Description of the task
All lines from the one bearing "Saco Flip&Flap TAP - Star Alliance Member" through the end of the data below must be printed exactly as they stand, with pictures removed.

[Dataset section Boundary: Start]

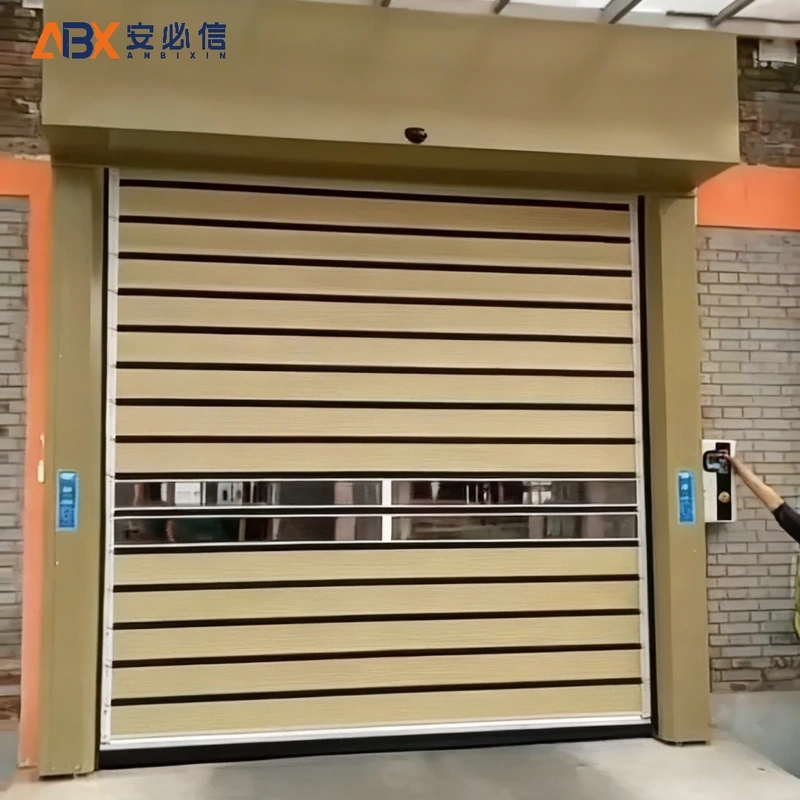 三门峡雷达高速门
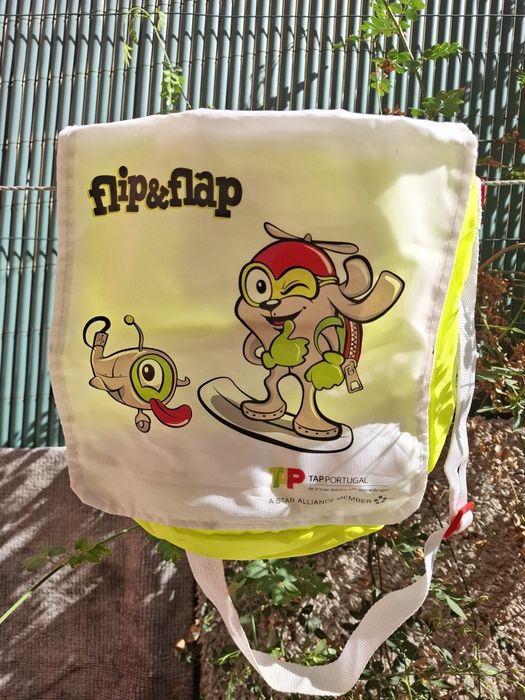 Saco Flip&Flap TAP - Star Alliance Member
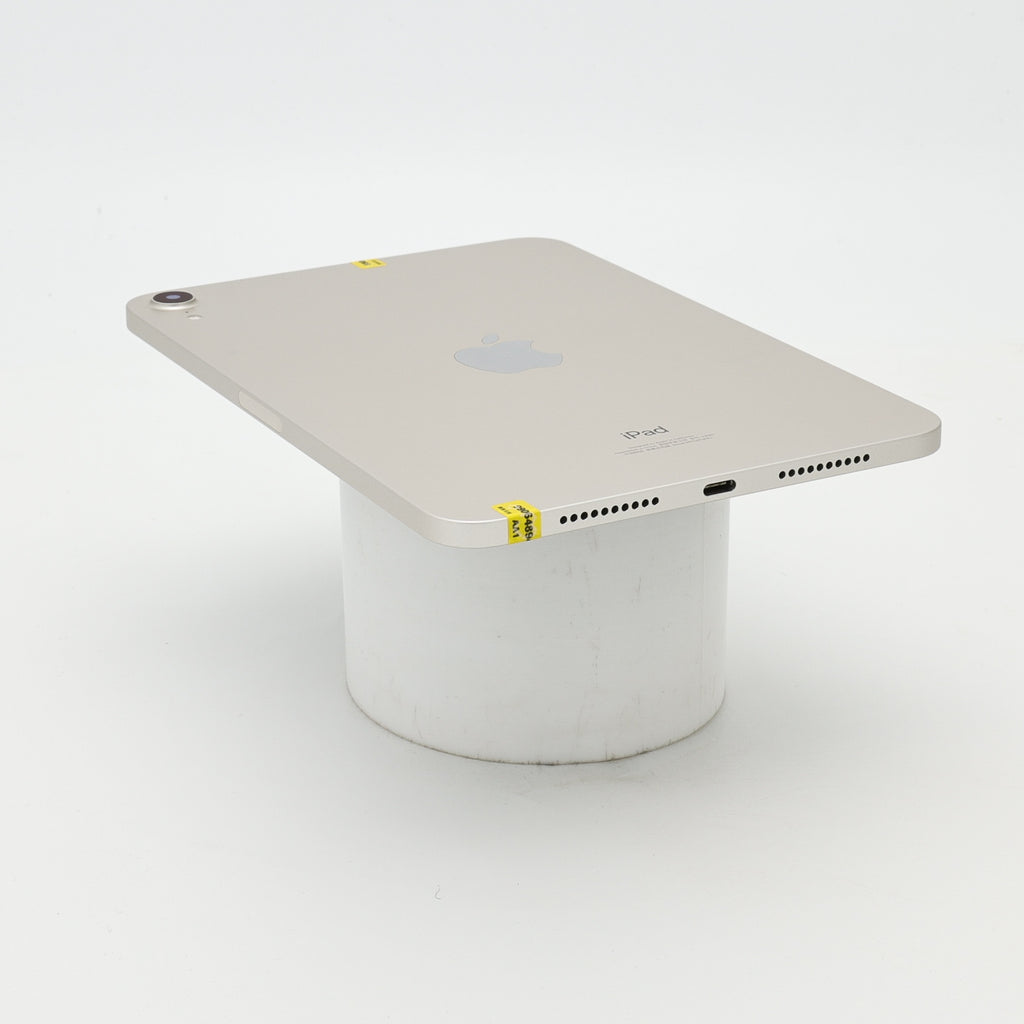 95新 Apple iPad mini6 64G 星光色 WIFI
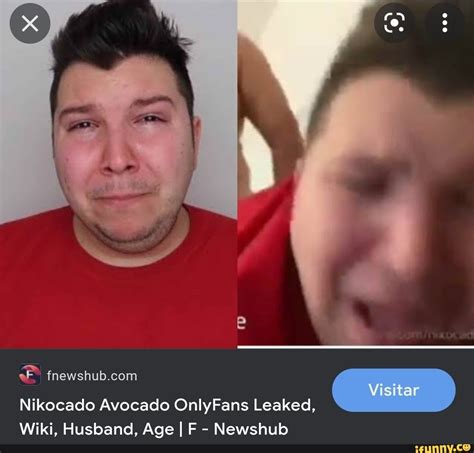 nikocado onlyfans porn|Nikocado Avocado Of Onlyfans Leaked Video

[Dataset section Boundary: End]

Response
 Saco Flip&Flap TAP - Star Alliance Member
 95新 Apple iPad mini6 64G 星光色 WIFI
 nikocado onlyfans porn|Nikocado Avocado Of Onlyfans Leaked Video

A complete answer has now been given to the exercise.